Palliative Care for Latino Patients and Their FamiliesWhenever We Prayed, She Wept

Author Affiliations

Author Affiliations: Division of Geriatrics, Department of Medicine (Drs Smith and Sudore) and Division of General Internal Medicine, Department of Medicine, Medical Effectiveness Research Center for Diverse Populations (Dr Pérez-Stable), University of California, San Francisco, San Francisco; and Veterans Affairs Medical Center, San Francisco, California (Drs Smith and Sudore).

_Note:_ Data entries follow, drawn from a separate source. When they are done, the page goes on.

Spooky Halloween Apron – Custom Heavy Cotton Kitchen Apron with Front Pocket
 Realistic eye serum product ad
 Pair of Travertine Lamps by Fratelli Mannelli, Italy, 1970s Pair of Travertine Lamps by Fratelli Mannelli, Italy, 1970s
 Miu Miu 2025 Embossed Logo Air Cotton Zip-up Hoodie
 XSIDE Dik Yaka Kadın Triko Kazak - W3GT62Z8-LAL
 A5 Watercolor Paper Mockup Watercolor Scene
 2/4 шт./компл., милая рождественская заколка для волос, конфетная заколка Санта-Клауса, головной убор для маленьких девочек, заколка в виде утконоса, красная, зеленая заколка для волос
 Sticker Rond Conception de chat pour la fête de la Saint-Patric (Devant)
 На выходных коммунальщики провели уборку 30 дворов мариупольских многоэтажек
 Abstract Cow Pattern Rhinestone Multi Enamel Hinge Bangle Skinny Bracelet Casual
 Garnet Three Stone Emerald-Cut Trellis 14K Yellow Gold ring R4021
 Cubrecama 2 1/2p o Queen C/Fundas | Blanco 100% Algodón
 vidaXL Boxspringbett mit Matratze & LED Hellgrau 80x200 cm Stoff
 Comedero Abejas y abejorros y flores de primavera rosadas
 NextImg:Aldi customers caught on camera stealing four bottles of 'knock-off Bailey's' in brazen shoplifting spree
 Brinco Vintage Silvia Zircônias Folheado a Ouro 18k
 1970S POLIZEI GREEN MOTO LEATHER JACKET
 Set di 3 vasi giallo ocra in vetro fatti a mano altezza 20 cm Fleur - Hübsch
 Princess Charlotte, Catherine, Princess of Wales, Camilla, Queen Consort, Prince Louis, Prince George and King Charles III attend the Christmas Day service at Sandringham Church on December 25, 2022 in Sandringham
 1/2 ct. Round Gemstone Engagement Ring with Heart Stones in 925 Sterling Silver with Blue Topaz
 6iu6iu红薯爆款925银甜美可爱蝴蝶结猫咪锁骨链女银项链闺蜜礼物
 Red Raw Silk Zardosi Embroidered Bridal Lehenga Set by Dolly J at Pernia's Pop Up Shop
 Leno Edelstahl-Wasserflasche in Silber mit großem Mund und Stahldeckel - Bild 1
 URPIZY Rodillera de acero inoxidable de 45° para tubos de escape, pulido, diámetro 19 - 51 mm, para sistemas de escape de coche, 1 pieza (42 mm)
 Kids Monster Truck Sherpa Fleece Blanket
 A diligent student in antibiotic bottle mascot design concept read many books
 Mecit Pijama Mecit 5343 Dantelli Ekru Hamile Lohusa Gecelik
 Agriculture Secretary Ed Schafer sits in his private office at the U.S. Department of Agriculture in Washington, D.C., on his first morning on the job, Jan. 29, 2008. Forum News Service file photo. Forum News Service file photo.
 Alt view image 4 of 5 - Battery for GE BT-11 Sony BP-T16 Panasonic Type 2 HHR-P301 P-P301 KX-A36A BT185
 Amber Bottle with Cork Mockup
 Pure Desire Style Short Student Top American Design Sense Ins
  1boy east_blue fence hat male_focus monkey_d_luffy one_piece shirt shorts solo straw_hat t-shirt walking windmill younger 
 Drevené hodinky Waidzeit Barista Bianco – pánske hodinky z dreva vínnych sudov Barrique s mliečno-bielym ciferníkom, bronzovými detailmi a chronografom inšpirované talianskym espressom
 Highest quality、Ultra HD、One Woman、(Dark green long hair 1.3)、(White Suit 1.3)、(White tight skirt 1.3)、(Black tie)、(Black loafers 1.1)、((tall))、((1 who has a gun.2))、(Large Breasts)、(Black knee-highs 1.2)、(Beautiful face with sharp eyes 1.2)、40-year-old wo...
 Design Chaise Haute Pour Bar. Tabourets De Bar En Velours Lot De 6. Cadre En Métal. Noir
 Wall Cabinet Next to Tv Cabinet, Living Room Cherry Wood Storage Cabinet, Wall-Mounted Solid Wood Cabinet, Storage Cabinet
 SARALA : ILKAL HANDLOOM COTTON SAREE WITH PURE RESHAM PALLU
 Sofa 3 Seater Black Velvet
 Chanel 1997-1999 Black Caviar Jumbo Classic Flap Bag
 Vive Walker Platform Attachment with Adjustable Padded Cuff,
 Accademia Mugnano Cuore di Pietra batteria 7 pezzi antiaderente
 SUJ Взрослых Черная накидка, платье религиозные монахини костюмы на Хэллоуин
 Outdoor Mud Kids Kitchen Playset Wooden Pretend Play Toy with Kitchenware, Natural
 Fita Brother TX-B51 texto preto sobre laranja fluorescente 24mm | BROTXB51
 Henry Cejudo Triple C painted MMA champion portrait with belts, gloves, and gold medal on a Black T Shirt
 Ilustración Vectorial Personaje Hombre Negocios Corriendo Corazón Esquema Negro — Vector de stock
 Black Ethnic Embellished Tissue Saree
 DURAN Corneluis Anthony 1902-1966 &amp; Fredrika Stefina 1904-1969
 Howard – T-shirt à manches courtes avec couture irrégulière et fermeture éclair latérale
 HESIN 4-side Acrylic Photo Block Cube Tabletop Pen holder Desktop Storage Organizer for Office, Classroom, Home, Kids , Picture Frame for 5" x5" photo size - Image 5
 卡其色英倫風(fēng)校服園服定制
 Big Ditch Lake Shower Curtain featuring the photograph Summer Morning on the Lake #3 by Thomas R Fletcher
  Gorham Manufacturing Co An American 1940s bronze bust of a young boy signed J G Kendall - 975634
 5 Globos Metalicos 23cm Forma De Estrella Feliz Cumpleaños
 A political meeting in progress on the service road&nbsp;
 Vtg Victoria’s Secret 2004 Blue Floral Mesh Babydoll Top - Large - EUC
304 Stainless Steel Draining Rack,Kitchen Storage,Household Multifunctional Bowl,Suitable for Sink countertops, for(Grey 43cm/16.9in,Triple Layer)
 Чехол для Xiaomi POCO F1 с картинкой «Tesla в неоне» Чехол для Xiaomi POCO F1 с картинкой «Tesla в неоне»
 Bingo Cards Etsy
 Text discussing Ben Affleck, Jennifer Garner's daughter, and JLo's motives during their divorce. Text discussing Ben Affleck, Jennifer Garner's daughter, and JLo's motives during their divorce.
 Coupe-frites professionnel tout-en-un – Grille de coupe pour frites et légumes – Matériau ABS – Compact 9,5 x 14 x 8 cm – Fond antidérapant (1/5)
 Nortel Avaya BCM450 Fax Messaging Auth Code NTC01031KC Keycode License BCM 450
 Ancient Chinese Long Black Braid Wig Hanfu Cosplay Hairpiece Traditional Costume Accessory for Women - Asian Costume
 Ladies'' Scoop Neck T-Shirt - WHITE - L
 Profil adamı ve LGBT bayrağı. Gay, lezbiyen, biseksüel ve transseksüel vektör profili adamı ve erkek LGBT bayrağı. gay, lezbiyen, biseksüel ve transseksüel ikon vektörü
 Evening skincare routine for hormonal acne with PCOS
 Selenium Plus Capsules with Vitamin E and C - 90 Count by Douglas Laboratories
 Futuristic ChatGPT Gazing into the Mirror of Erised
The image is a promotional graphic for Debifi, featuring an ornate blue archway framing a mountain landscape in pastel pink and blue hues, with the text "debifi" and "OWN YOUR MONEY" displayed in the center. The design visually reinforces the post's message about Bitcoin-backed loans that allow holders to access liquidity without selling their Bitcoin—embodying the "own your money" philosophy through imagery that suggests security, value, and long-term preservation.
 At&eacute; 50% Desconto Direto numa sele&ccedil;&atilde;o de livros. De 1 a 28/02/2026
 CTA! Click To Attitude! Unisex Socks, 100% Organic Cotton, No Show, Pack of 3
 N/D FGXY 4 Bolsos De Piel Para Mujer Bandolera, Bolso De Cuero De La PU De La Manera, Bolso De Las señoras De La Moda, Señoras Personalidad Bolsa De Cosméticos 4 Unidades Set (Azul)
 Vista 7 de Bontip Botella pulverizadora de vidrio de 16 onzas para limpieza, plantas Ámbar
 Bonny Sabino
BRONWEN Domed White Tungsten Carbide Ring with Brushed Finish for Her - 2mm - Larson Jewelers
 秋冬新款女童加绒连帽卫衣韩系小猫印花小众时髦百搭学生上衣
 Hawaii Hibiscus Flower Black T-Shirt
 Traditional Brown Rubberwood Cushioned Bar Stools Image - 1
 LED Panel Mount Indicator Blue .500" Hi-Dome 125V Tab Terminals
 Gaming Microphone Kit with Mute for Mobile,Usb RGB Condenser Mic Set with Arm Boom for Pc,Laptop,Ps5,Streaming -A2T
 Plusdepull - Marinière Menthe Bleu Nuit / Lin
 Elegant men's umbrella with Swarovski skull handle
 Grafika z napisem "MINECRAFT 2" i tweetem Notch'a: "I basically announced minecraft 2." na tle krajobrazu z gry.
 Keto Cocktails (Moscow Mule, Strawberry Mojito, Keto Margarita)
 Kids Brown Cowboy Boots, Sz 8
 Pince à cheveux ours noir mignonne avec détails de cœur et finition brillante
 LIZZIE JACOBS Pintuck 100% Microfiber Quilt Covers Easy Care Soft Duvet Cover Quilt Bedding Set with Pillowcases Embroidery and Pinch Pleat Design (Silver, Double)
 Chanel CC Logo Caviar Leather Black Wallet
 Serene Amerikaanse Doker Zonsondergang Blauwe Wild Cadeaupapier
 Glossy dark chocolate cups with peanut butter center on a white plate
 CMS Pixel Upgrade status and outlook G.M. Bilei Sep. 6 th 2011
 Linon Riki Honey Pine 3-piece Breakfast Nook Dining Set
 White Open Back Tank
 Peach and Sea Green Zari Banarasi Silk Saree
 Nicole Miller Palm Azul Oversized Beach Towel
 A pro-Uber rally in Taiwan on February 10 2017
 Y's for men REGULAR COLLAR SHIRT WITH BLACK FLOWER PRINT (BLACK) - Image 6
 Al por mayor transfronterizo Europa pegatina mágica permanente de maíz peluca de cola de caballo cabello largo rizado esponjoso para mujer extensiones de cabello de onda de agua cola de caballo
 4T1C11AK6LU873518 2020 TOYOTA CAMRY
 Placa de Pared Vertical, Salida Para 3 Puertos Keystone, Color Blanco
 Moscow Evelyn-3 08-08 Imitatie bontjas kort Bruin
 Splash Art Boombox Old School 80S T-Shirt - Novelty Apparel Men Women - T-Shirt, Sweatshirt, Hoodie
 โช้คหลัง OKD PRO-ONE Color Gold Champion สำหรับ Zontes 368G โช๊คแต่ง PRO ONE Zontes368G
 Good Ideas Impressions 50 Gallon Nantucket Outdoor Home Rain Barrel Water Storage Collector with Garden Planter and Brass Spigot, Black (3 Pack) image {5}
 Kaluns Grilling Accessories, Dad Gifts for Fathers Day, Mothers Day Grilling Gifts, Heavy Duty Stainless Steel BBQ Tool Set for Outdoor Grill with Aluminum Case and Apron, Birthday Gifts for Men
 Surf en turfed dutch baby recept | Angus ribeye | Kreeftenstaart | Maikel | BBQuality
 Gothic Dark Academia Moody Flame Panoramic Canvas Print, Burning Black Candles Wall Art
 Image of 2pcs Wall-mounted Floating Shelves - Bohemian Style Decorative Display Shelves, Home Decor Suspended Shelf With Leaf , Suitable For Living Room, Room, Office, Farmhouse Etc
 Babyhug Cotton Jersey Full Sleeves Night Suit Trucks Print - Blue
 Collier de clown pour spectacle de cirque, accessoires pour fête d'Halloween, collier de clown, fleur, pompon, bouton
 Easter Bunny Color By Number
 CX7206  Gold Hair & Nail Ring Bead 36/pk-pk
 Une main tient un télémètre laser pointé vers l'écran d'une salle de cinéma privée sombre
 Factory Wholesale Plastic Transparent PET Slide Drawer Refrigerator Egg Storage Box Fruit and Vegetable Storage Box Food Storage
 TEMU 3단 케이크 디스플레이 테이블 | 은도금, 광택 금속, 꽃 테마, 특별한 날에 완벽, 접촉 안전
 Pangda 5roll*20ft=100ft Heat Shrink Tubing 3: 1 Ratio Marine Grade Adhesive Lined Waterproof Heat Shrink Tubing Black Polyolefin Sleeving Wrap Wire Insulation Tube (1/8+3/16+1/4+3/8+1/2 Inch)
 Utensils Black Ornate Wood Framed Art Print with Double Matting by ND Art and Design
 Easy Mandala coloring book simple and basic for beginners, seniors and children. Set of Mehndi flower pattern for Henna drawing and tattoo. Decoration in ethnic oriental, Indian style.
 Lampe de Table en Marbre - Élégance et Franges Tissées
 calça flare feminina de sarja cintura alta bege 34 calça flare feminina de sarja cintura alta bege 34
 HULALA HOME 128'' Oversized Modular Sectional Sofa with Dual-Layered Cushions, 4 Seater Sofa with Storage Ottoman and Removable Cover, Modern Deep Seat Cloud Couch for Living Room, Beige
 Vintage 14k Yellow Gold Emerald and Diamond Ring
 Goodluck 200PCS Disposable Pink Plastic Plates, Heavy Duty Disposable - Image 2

JAMA. 2009;301(10):1047-1057. doi:10.1001/jama.2009.308
Abstract

Latinos account for 15% of the US population, a proportion projected to grow to 30% by the year 2050. Although there is tremendous diversity within this community, commonalities of language, beliefs, attitudes, and behaviors unite Latinos, making them more similar than different. Differences by national origin, although important, are attenuated when immigrants come to the United States, dominated by an English-language, Anglo-centric culture. For non-Latino and non−Spanish-speaking clinicians, communication barriers and cultural misunderstandings can impede the care of dying Latino patients and their families. We present the case of a young, pregnant, Spanish-speaking woman from Central America diagnosed with a fatal leukemia. As illustrated by this case, Latino immigrants face a number of external challenges to optimal end-of-life care: (1) geographic distance as well as political and economic realities often separate patients from their valued families; (2) undocumented immigrants are frequently uninsured and fear of deportation may create a barrier to accessing health services; (3) language and literacy barriers; and (4) concerns about discrimination. Other Latino issues that may be more pronounced in end-of-life settings include cultural themes and religious and spiritual influences. We recommend that professional interpreters must be used for discussions about goals of care with Spanish-speaking patients and families or when negotiating conflict between the patient, family, and the health care team. Concrete suggestions are provided for clinicians in working with interpreters, eliciting culturally based attitudes and beliefs, and implementing universal strategies for clear health communication.